The Catholic Military Association is a membership organisation managed by appointed trustees, legally constituted as a Charitable Incorporated Organisation, and having constitutional statutes aligned to the Code of Canon Law in addition to UK charities law.

It is recognised by the Ministry of Defence and the Holy See.

== History and Development ==

The association was founded on 13 Apr 2018 with a public meeting at the Brompton Oratory, establishing itself as a private association of the faithful by the name 'Military Association of Our Lady of Victories'.

In November 2019 the association became a founding organisation of the Defence Christian Network, alongside the Armed Forces Christian Union and Soldiers’ and Aviators’ Scripture Readers Association, thereby becoming part of a recognised Ministry of Defence Staff Network. Then in March 2020 the association was approved by the Bishop in Ordinary to HM Forces Rt Rev Paul Mason, entitling the organisation use "Catholic" in its name. From that point the Military Association of Our Lady of Victories became the Catholic Military Association of Our Lady of Victories, often abbreviated to CMA.

The CMA grew in membership to several hundred serving members by 2022, at which point it accepted the role as national representative to the International Military Apostolate, which consults to the Dicastery for the Laity, Family and Life at the Vatican The national representative was formerly held by the Bishopric of the Forces.

In October 2023 the Catholic Military Association was recognised by the Charity Commission as a Registered Charitable Incorporated Organisation. On the 7th of October 2023, the CMA was consecrated to Our Lady of Victories in Walsingham by Bishop Paul Mason.

In 2023, the Association commissioned what is believed to be the first icon in the world of Our Lady of Victories, written in Ukraine. It was solemnly blessed according to the Byzantine Rite in 2025. A copy of the icon was soon afterwards presented to Pope Leo XIV in private audience by Aid to the Church in Need.

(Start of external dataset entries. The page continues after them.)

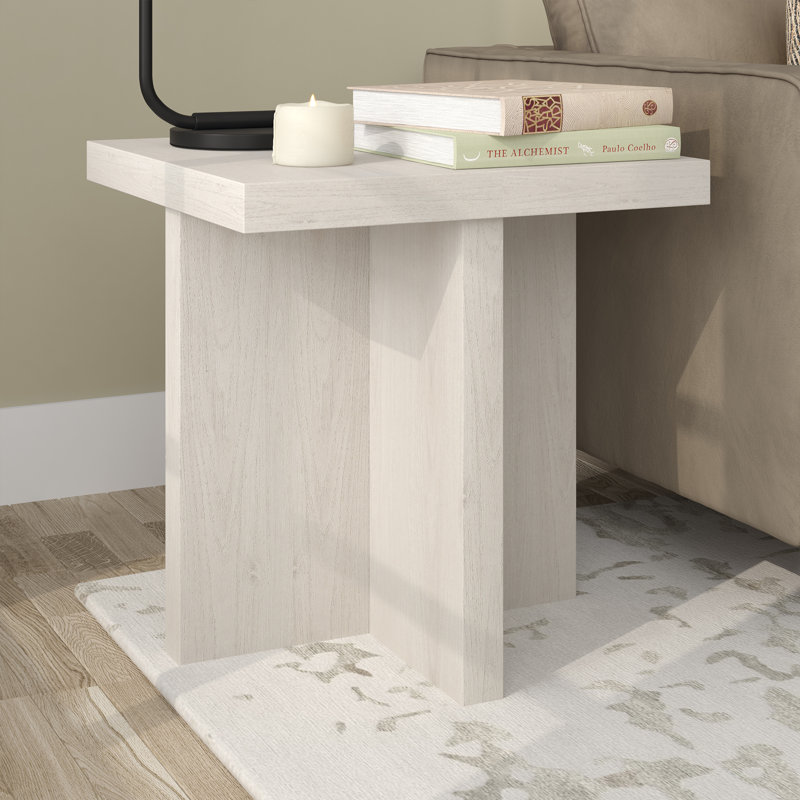Atria Pedestal End Table,  Alder White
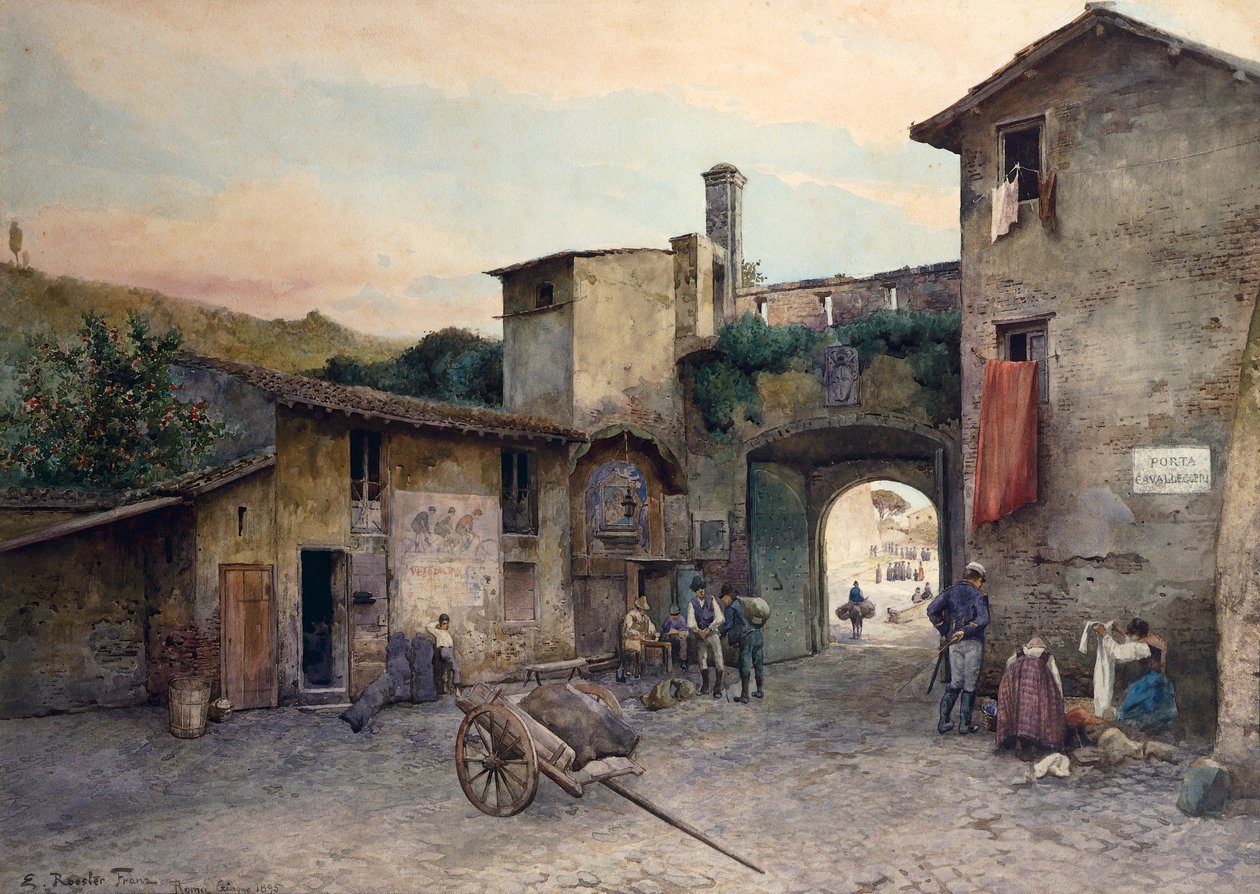 Port Cavalry (Porta Cavalleggeri) in Rome (from the series Roma sparita) by Ettore Roesler Franz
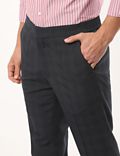 Polyester Mix Checks Slim Fit Trouser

The model of lay-led Catholic spirituality in the armed forces led to the formation of sister organisations in the United States of America in February 2022 and Canada in April 2023.

== Activities ==

The CMA pursues its goals by offering a routine of structured prayer, fellowship, pilgrimages and retreats, by distributing rosaries and miraculous medals, by partnering with other organisations, and arranging prayers for the dead.